When to Go to the ER

Vertigo isn’t always an emergency. But these signs are:

  • New, sudden vertigo with headache or vomiting
  • Difficulty speaking or swallowing
  • Weakness in an arm or leg
  • Double vision or trouble focusing
  • Loss of consciousness
  • Severe hearing loss with vertigo
These could mean a stroke or other brain issue. Don’t wait. Call 911.

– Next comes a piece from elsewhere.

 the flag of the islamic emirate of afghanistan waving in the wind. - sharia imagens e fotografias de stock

Is vertigo the same as dizziness?

No. Dizziness is a general feeling of lightheadedness or unsteadiness. Vertigo is a specific sensation of spinning or movement-even when you’re still. Vertigo is a type of dizziness, but not all dizziness is vertigo.

Can stress cause vertigo?

Stress doesn’t directly cause vertigo, but it can trigger vestibular migraine or make existing vertigo worse. Many people with chronic dizziness are misdiagnosed with anxiety when the real issue is a vestibular disorder.

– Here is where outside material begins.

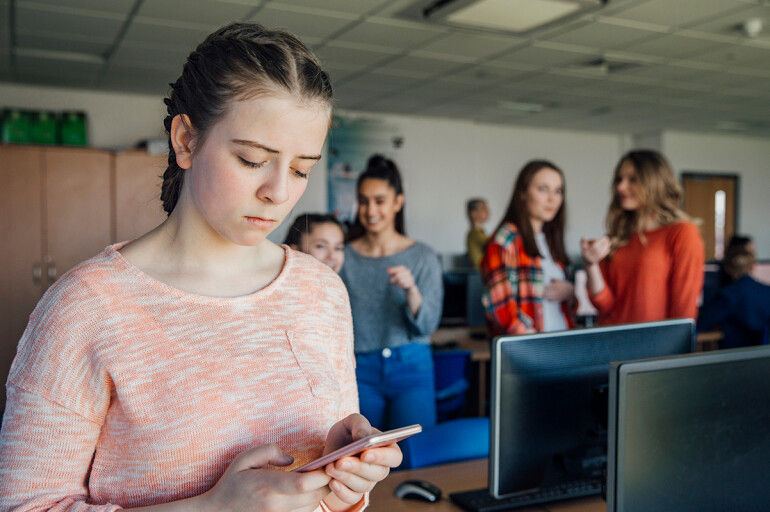 Schoolgirl looking at phone while classmates laugh at her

How long does vertigo last?

It depends on the cause. BPPV episodes last seconds to minutes, often triggered by head movement. Vestibular neuritis can last days to weeks. Ménière’s attacks last 20 minutes to hours. Vestibular migraine can last minutes to days. Chronic vertigo (like PPPD) can last months or years if untreated.

Can I treat vertigo at home?

For BPPV, yes-the Epley maneuver can be done at home after being shown by a professional. But don’t try it without knowing if it’s BPPV. For other causes, home remedies won’t help. Vestibular rehab exercises can be done at home, but they need to be personalized. Always get diagnosed first.

Do I need an MRI for vertigo?

Most people don’t. Only about 1-2% of vertigo cases need imaging. If you have red flags-like weakness, double vision, slurred speech, or sudden hearing loss-an MRI is needed to rule out stroke or MS. Otherwise, tests like VNG and head impulse tests are more useful and less expensive.

What’s the best specialist to see for vertigo?

An ENT (otolaryngologist) with vestibular training or a neurologist who specializes in dizziness and balance disorders. General doctors often miss the signs. Look for someone who uses VNG or head impulse testing-not just a quick exam.